--- START ---

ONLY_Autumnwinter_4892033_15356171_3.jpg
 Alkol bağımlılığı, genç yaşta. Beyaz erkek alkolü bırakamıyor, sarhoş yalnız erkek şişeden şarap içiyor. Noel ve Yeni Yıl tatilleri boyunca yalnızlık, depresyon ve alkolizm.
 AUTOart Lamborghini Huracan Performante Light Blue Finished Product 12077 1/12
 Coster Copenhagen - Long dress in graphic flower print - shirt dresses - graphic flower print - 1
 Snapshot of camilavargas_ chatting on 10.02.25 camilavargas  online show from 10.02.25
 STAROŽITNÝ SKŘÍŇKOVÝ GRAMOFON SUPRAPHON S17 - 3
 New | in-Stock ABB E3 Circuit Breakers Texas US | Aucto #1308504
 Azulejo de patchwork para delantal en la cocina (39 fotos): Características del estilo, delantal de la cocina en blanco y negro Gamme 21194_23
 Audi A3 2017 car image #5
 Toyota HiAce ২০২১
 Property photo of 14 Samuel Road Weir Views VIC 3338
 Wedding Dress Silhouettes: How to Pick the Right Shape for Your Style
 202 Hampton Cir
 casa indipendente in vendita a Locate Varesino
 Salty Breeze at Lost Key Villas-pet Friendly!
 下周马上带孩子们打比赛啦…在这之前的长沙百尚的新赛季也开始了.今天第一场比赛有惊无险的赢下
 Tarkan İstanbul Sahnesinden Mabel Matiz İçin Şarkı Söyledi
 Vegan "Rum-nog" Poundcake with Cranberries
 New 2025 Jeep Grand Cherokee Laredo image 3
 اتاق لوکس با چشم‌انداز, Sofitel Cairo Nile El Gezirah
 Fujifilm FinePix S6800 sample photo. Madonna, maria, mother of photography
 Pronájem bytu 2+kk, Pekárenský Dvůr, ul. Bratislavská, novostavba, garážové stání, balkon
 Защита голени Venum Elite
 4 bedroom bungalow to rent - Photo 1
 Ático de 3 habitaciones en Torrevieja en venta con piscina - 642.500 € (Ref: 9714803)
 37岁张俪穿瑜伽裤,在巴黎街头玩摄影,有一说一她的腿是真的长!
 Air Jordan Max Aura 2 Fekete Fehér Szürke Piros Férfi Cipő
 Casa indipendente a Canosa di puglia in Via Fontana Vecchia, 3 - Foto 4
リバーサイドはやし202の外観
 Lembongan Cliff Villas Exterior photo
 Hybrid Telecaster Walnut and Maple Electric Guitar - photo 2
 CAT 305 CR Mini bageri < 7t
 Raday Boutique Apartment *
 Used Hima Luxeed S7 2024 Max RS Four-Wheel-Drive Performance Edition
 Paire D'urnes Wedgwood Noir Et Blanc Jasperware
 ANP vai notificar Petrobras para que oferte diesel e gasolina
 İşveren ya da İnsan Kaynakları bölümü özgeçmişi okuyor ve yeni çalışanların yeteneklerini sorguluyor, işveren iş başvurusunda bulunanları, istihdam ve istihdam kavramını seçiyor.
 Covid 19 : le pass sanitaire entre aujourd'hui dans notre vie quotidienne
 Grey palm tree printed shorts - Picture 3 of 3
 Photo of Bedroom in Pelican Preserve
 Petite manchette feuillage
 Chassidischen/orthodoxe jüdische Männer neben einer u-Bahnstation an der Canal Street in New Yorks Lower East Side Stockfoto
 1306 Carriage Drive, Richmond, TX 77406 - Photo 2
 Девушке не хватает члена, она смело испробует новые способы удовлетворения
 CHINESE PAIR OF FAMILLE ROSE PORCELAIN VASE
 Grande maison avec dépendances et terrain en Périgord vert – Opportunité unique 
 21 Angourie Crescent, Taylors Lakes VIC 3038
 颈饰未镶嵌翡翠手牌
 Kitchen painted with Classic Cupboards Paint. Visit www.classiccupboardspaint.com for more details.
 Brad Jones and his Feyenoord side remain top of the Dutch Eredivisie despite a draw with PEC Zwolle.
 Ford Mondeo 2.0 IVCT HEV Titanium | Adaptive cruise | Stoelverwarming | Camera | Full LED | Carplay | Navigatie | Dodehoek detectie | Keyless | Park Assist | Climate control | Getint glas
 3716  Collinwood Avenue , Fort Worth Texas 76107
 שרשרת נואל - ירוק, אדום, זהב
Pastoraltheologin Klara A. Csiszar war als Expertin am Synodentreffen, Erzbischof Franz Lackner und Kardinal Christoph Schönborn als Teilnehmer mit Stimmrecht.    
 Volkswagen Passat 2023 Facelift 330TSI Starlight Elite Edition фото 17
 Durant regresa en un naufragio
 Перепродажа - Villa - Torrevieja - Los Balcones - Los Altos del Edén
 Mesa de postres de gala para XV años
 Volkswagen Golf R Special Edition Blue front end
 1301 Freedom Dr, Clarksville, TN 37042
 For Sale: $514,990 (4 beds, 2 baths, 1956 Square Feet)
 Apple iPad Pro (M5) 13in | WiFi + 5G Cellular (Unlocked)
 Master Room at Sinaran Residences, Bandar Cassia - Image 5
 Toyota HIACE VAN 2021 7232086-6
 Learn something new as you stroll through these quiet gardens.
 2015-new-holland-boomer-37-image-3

--- END ---

→ Task brief
The reply should hold only the lines of the listing above starting at the line containing "Девушке не хватает" and ending at the line containing "שרשרת נואל - ירוק, אדום, זהב", exactly as written.

→ Answer box
 Девушке не хватает члена, она смело испробует новые способы удовлетворения
 CHINESE PAIR OF FAMILLE ROSE PORCELAIN VASE
 Grande maison avec dépendances et terrain en Périgord vert – Opportunité unique 
 21 Angourie Crescent, Taylors Lakes VIC 3038
 颈饰未镶嵌翡翠手牌
 Kitchen painted with Classic Cupboards Paint. Visit www.classiccupboardspaint.com for more details.
 Brad Jones and his Feyenoord side remain top of the Dutch Eredivisie despite a draw with PEC Zwolle.
 Ford Mondeo 2.0 IVCT HEV Titanium | Adaptive cruise | Stoelverwarming | Camera | Full LED | Carplay | Navigatie | Dodehoek detectie | Keyless | Park Assist | Climate control | Getint glas
 3716  Collinwood Avenue , Fort Worth Texas 76107
 שרשרת נואל - ירוק, אדום, זהב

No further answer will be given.